Jordan normal as transformation with respect to the basis of eigenvectors I have the following matrix
$$A = \begin{pmatrix}
      2 & 0 & 1 & -3 \\
      0 & 2 & 10 & 4 \\
      0 & 0 & 2 &  0 \\
      0 & 0 & 0 &  3 \\
      \end{pmatrix}$$
and its Jordan normal form is 
$$J = \begin{pmatrix}
      2 & 0 & 0 & 0 \\
      0 & 2 & 1 & 0 \\
      0 & 0 & 2 &  0 \\
      0 & 0 & 0 &  3 \\
\end{pmatrix}$$
with the linearly independent set of eigenvectors:
$$P = \begin{pmatrix}
       0 & 1 & 0 & -3 \\
       1 & 10 & 0 & 4 \\
       0 & 0 & 1 &  0 \\
       0 & 0 & 0 &  1 \\
      \end{pmatrix}$$
where $J = P^{-1} A P$. I am told that the following relations hold:
$$A\mathbf{v_{1}} = 2\mathbf{v_{1}}, \qquad A\mathbf{v_{2}} = 2\mathbf{v_{2}}, \qquad A\mathbf{v_{3}} = \mathbf{v_{2}} + 2\mathbf{v_{3}}, \qquad A\mathbf{v_{4}} = 3\mathbf{v_{4}}$$
In the case of $\mathbf{v_{1}}, \mathbf{v_{2}}, \mathbf{v_{4}}$, it makes total sense since this is due to the fundamental relation $A\mathbf{v} = \lambda \mathbf{v}$. Also, I see how $A\mathbf{v_{3}} = A_{2} +2A_{3}$, where $A_{2}$ and  $A_{3}$ are the second and third column vectors of thre matrix $A$. This is simply multiplying $\mathbf{A}$ by $\mathbf{v_{3}}$. However, my intuition is failing me in seeing how 
$$A\mathbf{v_{3}} = \mathbf{v_{2}} + 2\mathbf{v_{3}}$$
I am told that this is simply because $J$ represents the transformation corresponding to $A$ with respect to the basis $\big\{\mathbf{v_{1}}, \mathbf{v_{2}}, \mathbf{v_{3}}, \mathbf{v_{4}}\big\}$. Any pointers that can help me understand this?

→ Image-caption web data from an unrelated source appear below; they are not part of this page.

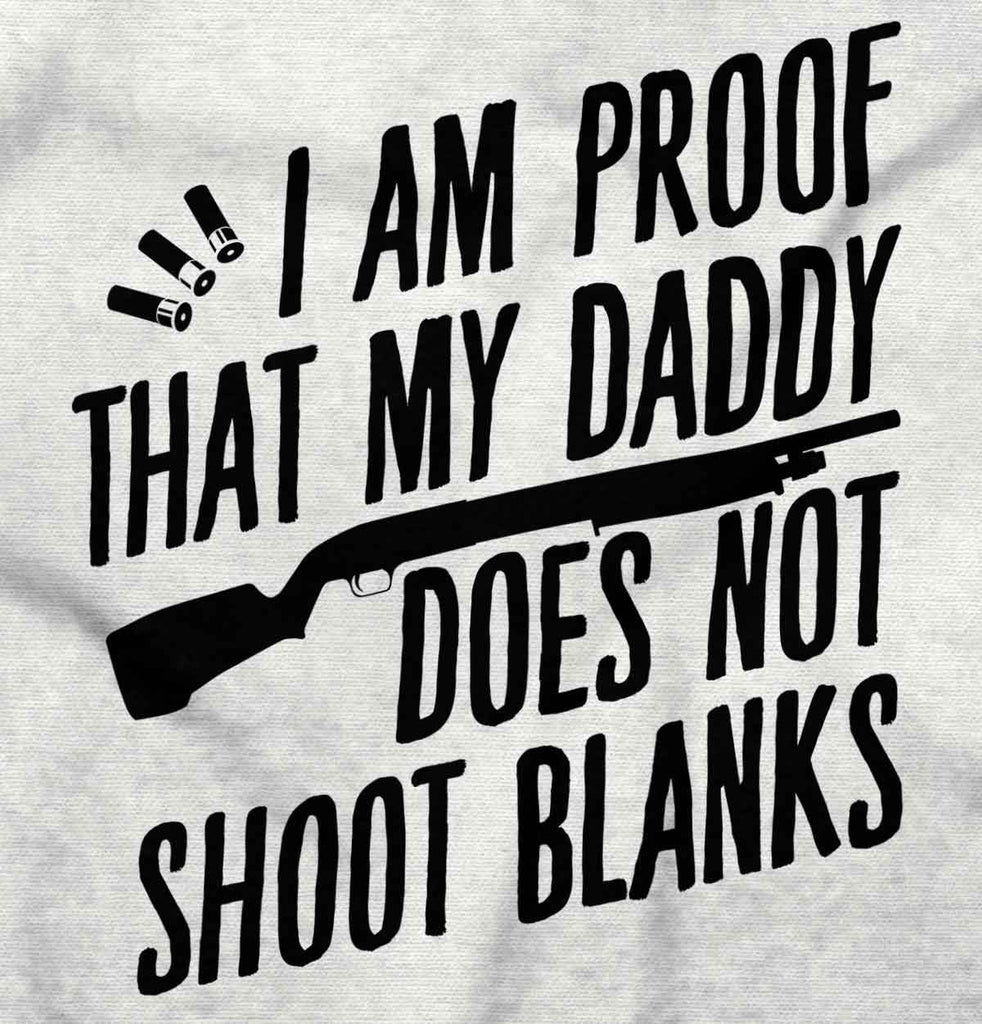 Proof Daddy Shoots Romper Bodysuit-Direct To Garment Print-Brisco Baby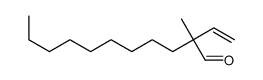 2-ethenyl-2-methylundecanal结构式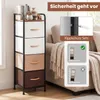 COSTWAY Kommode met 4 stoffenladen, opbergkast met metalen Productafbeelding-voorbeeld 7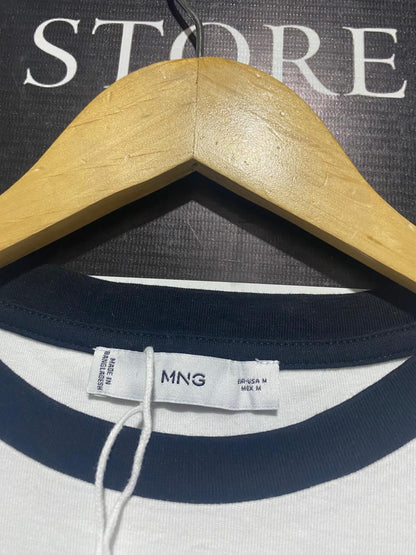 MNG |M| BUST 19| B12|  CLASSIC NAVY-TRIMMED RINGER T SHIRT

 A: One way of seeing where equations like  $\ A\mathbf{v_{3}} = \mathbf{v_{2}} + 2\mathbf{v_{3}}\ $ come from, which I found helpful when first introduced to Jordan forms, is the definition of the invariant subspace corresponding to an eigenvalue $\ \lambda\ $ as that spanned by the non-zero vectors $\ \mathbf{v} $ for which $\ \left(A-\lambda I\right)^{\,k}  \mathbf{v}=0\ $ for some positive integer $\ k\ $.  If $\ k=1\ $, then $\ \mathbf{v}\ $ is an eigenvector, but if $\ k>1\ $ and $\ \left(A-\lambda I\right)^{\,k-1}  \mathbf{v}\ne0\ $ then it isn't.  However, if we put $\ \mathbf{v}_i=\left(A-\lambda I\right)^{\,i}  \mathbf{v}\ $ for $\ i=0,1,\dots,k-1\ $, then we have $\ A\mathbf{v}_i=\lambda \mathbf{v}_i + \mathbf{v}_{i+1}\ \ $, with $\ \mathbf{v}_{k-1}\ $ being an eigenvector.
A: B= $\big\{ v_{1},v_{2}, v_{3}, v_{4} \big\} $
$P^{-1}_{B} [A \mathbf{v_{3}}] = [A \mathbf{v_{3}}]_{B}  =  \begin{bmatrix}
       0 \\
       1 \\
       2 \\
       0\\
 \end{bmatrix}$ 
... from the change of basis formula: $x = P_{B}[x]_{B}$.